Monica May Enters a Writer's Space for T Magazine
It’s almost understandable for the public to feel like they own actors. These are the faces that we relate to in the stories we absorb in theaters and in our homes. They feel like friends, and then their private lives are splashed across gossip blogs and newspapers. We know their intimate details better than we know our neighbors’. But the writers that create their stories are far more elusive. They’re rarely seen unless they also direct their work, or have reached celebrity status for their own unique abilities. In the latest issue of T Magazine, Monica May caught up with six screenwriters who are on the top of their game.
“T Magazine wanted environmental portraits, and the very first person that I shot for this was Aaron Sorkin,” says Monica.
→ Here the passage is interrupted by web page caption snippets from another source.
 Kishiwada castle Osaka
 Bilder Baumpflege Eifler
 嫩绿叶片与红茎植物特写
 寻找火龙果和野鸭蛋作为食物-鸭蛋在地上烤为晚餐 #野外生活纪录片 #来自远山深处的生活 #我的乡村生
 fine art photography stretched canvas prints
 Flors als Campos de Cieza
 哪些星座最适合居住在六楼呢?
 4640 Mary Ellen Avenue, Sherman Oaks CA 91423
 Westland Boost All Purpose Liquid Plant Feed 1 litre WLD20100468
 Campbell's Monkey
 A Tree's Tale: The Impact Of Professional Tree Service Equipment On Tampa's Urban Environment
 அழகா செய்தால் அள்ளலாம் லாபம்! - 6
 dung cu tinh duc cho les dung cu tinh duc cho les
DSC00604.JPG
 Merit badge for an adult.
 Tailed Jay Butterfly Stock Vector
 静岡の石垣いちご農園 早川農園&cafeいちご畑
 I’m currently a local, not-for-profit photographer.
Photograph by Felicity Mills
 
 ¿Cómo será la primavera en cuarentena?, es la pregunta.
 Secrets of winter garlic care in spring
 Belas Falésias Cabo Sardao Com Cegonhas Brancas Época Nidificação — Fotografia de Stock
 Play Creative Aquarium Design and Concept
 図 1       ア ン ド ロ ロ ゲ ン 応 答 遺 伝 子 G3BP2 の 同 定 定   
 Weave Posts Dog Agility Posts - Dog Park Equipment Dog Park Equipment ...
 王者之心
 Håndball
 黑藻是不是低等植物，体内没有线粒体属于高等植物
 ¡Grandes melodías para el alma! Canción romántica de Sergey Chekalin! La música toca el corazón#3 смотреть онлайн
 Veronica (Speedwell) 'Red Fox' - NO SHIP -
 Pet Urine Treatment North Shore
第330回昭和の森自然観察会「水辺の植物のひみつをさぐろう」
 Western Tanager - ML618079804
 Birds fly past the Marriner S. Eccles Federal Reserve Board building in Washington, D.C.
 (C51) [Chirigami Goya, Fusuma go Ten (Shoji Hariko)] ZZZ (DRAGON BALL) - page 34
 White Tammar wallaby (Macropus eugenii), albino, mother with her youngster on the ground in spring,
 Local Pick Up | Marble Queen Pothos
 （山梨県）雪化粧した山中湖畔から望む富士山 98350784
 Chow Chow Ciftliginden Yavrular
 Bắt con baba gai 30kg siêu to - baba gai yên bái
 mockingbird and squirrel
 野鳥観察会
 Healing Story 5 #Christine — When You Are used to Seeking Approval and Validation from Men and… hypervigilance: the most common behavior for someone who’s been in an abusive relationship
The original idea was to use spaces that meant a lot to the subjects, but circumstances change as they always do on shoots with this kind of scope, and Monica found herself in places that she wasn’t expecting. She wanted to keep the same sort of feel that T asked for in the first place, so she found a way in each circumstance to make the space as much of a character in the images as the subjects. For Sorkin they shot at the Four Seasons hotel. Often, hotels feel impersonal so it was up to Monica to change that. “That image sort of set the tone with how the environments were going to be. Since they’re all screenwriters, and most of them are also directors, I thought it might be cool to make these photos sort of feel like a film still. So that this could feel like it was part of a broader story.” They ended up putting plastic sheeting down because they weren’t happy with the carpet, and it added a new element that contributed to the otherworldly feeling of the image.
Each of her subjects were incredibly busy, and Monica was always working around their intense schedules. “Iñárritu had to be shot at Universal because he was still in the process of the sound for The Revenant. I mean, the debut is Christmas Day. The scheduled hour ended up turning into 15 minutes because he had to get back to work,” explains Monica. They shot the photograph in an elevator inside Universal Studios because locations were limited. The Studio was active, so there weren’t a ton of places they could go that weren’t teeming with people. Luckily they were able to get their hands on an elevator that could be stopped while they shot inside it. As a result, the picture takes on a feeling of a moment in between. In a transition space where riders usually enjoy stillness between floors, Iñárritu was literally in the process of intense work and allowed the shoot to be a quiet moment in the busy of his day.
For most viewers, the biggest surprise addition may be Amy Schumer. Most people know her for her comedy, but don’t realize she also writes for the screen. “Amy was great. I think she was a real trooper. She had flown in the night before from a performance that she did in Dallas, and I don’t think she got in until late, late at night in LA,” says Monica. “In the end you just want someone to be present for the time that you have them.” And Amy was. In the photograph, her energy fills the space, making it feel public and private at the same time, straddling the line that Monica was walking.